=== RECORDS TO USE ===
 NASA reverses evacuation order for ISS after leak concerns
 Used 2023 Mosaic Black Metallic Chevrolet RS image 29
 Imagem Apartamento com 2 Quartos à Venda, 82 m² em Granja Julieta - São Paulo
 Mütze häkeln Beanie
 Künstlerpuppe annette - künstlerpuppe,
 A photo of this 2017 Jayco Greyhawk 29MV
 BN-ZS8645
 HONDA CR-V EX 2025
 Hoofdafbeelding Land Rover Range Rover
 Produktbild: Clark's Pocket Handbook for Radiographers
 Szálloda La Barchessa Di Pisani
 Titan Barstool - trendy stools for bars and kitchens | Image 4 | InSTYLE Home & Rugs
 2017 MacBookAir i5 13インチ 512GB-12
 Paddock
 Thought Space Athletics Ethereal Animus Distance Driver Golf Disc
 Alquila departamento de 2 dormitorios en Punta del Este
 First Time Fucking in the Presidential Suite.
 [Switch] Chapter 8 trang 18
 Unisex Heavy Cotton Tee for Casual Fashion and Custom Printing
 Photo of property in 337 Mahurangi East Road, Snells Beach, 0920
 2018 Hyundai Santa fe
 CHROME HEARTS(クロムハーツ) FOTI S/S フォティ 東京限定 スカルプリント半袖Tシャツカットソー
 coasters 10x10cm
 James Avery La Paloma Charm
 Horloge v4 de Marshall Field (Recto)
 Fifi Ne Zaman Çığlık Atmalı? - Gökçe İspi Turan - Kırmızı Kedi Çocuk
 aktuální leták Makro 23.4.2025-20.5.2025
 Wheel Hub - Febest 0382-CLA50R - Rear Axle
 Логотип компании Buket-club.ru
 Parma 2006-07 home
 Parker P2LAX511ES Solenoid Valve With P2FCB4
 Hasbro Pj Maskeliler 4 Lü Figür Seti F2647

=== WHAT THE EXERCISE ASKS ===
Copy the entries above exactly, but only from the line holding "Titan Barstool - trendy" through the line holding "Horloge v4 de Marshall Field (Recto)", both included.

=== WRITTEN RESPONSE ===
 Titan Barstool - trendy stools for bars and kitchens | Image 4 | InSTYLE Home & Rugs
 2017 MacBookAir i5 13インチ 512GB-12
 Paddock
 Thought Space Athletics Ethereal Animus Distance Driver Golf Disc
 Alquila departamento de 2 dormitorios en Punta del Este
 First Time Fucking in the Presidential Suite.
 [Switch] Chapter 8 trang 18
 Unisex Heavy Cotton Tee for Casual Fashion and Custom Printing
 Photo of property in 337 Mahurangi East Road, Snells Beach, 0920
 2018 Hyundai Santa fe
 CHROME HEARTS(クロムハーツ) FOTI S/S フォティ 東京限定 スカルプリント半袖Tシャツカットソー
 coasters 10x10cm
 James Avery La Paloma Charm
 Horloge v4 de Marshall Field (Recto)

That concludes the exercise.